■ **What is required**
Pictures are to be left out, and only the lines from the one with "DURSTON wals Agile" through the last line of the listing below are to be repeated exactly.

***** Provided material

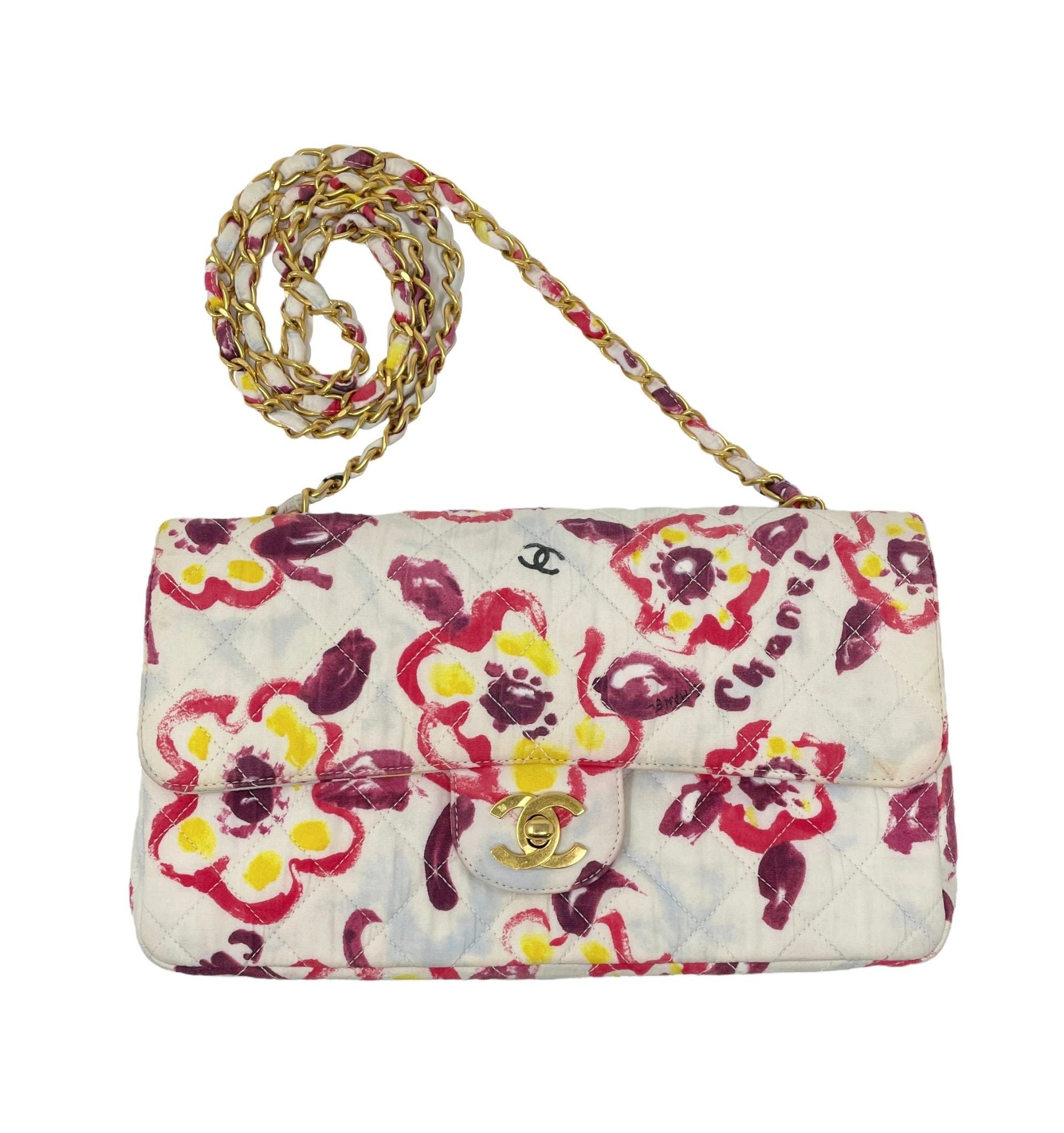Treasures of NYC - Chanel White Floral Canvas Flap Bag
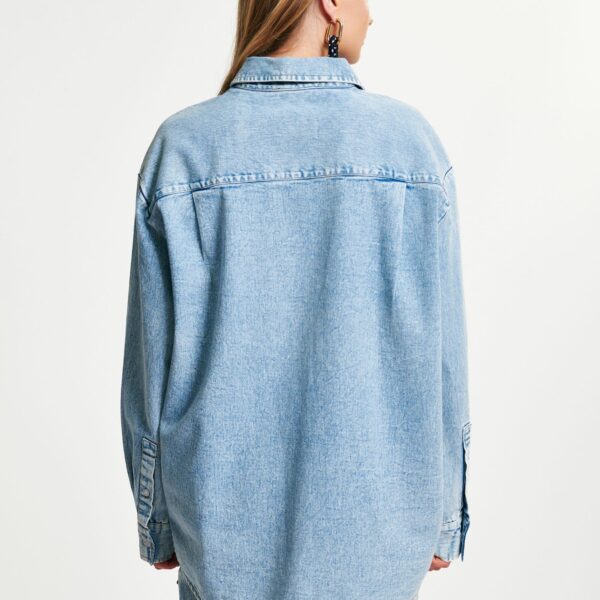 Essentiel Antwerp Blue and multicolor denim shirt with sequin flower embellishments - Essentiel Antwerp Shirts - Colorful Belgian Design - Shop at Coveti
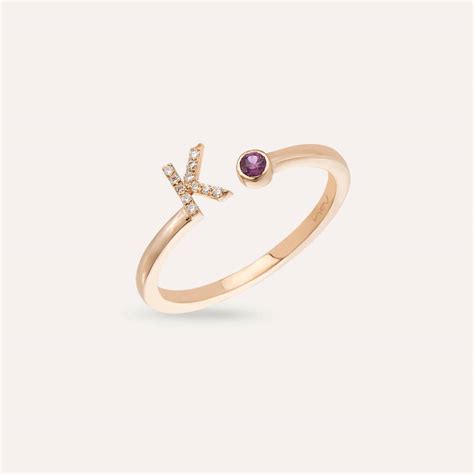 Diamond And Purple Sapphire Rose Gold K Letter Ring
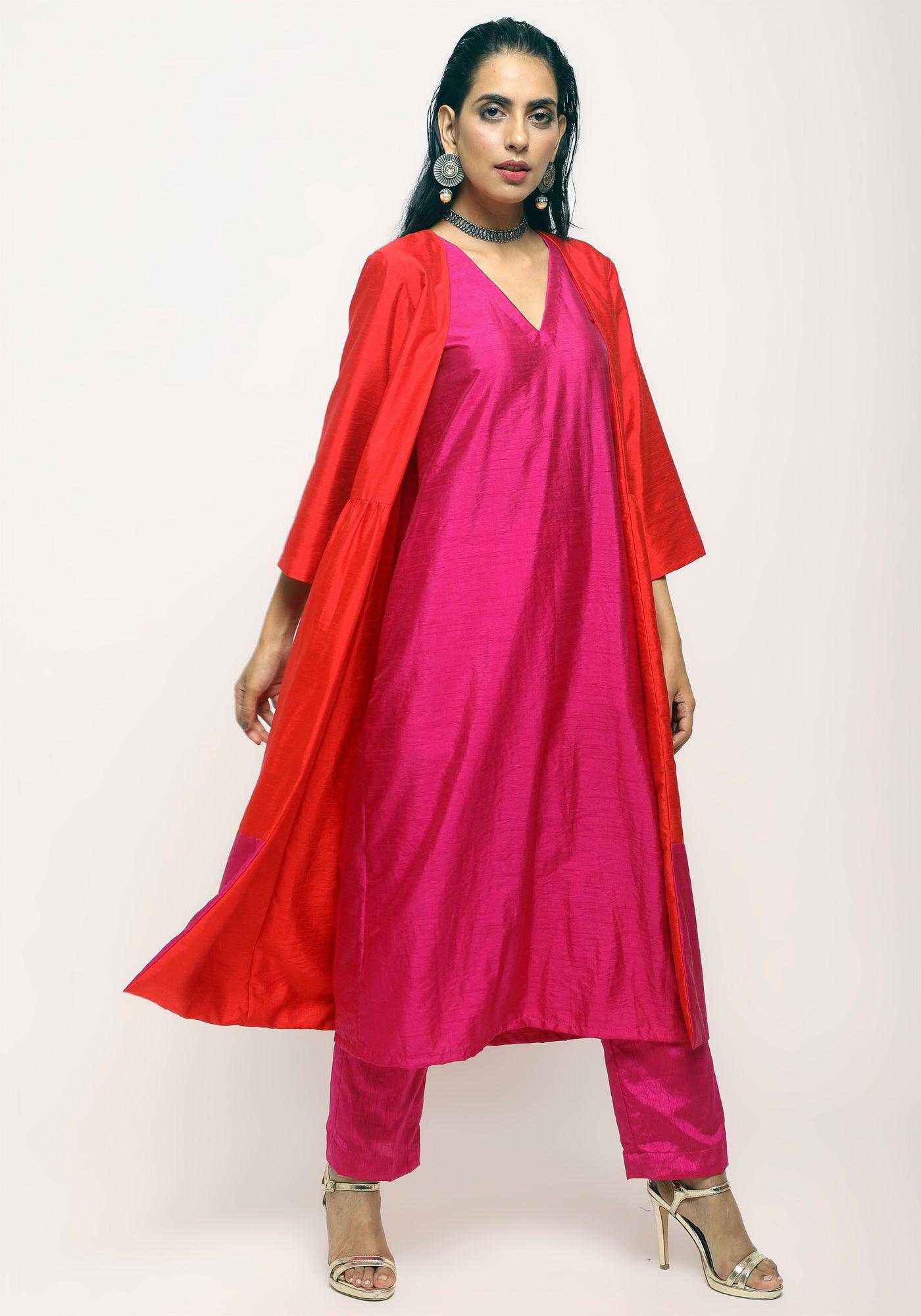 trueBrowns Orange Pink Jacket Kurta Set - Distacart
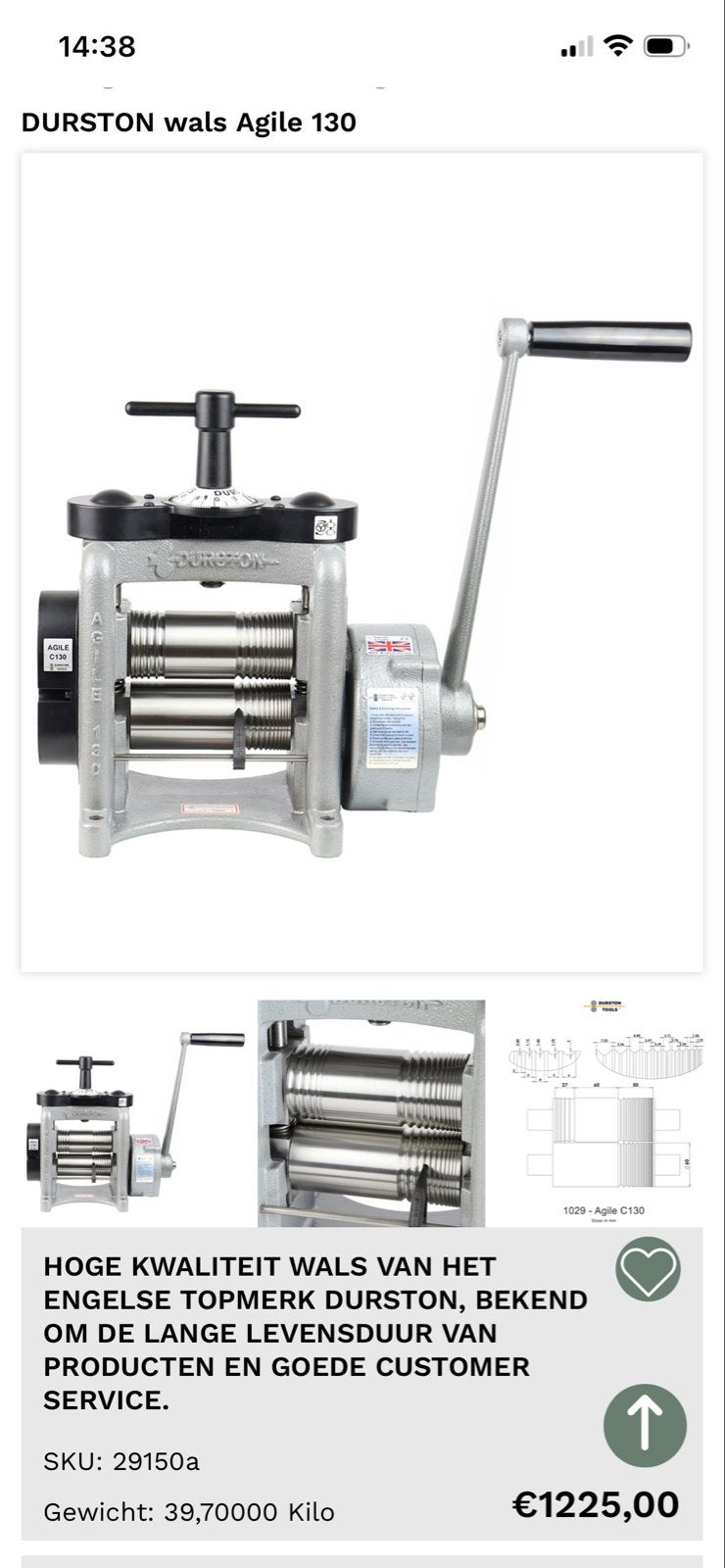 DURSTON wals Agile 130 - Hoge Kwaliteit Walsmachine, Ophalen, Nieuw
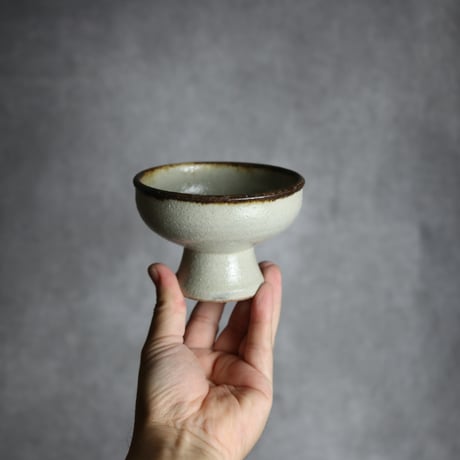 3.5寸 高杯鉢1 印花 やちむん 陶器 榮一工房:7013157※高台ヒビ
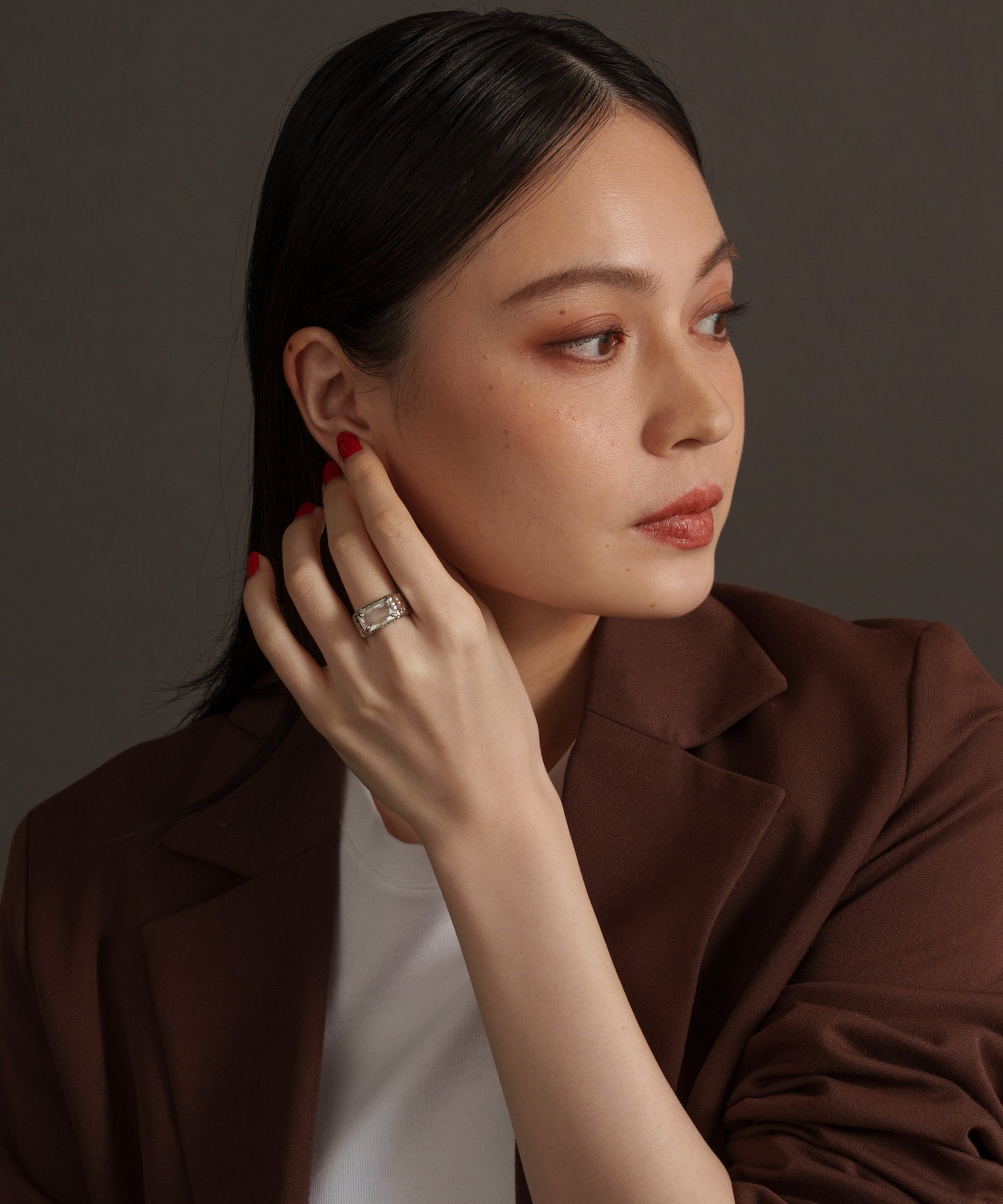 スクエアストーンヴィンテージリング	【Silver×Clear】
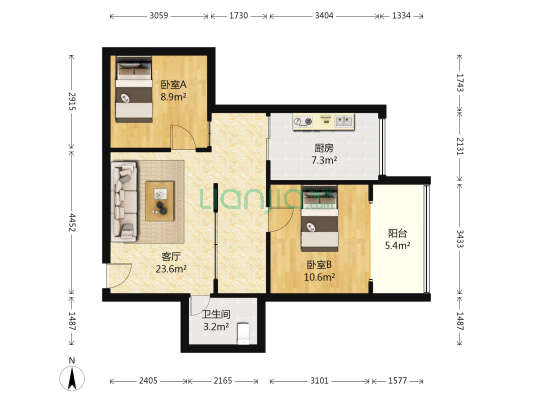 空港小院花语 2室1厅1卫 57平方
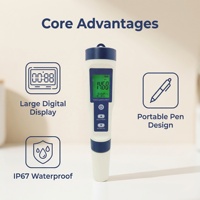 Stylo testeur de qualité de l'eau numérique 5 en 1, pH, TDS, EC, salinité, thermomètre pour aquarium, piscine, eau potable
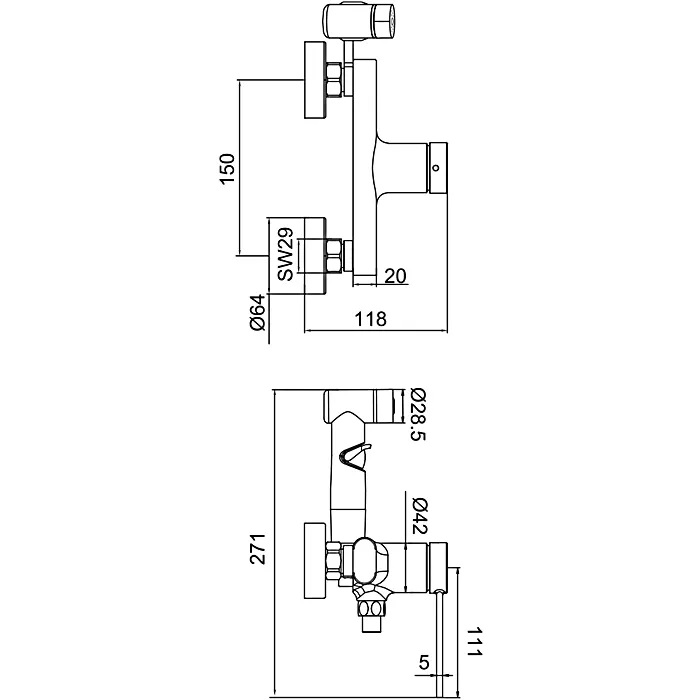 Смеситель с гигиеническим душем FRAP F2067 латунь /хром - миниатюра №2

**********

■ **Exercise solution**
 DURSTON wals Agile 130 - Hoge Kwaliteit Walsmachine, Ophalen, Nieuw
 3.5寸 高杯鉢1 印花 やちむん 陶器 榮一工房:7013157※高台ヒビ
 スクエアストーンヴィンテージリング	【Silver×Clear】
 空港小院花语 2室1厅1卫 57平方
 Stylo testeur de qualité de l'eau numérique 5 en 1, pH, TDS, EC, salinité, thermomètre pour aquarium, piscine, eau potable
 Смеситель с гигиеническим душем FRAP F2067 латунь /хром - миниатюра №2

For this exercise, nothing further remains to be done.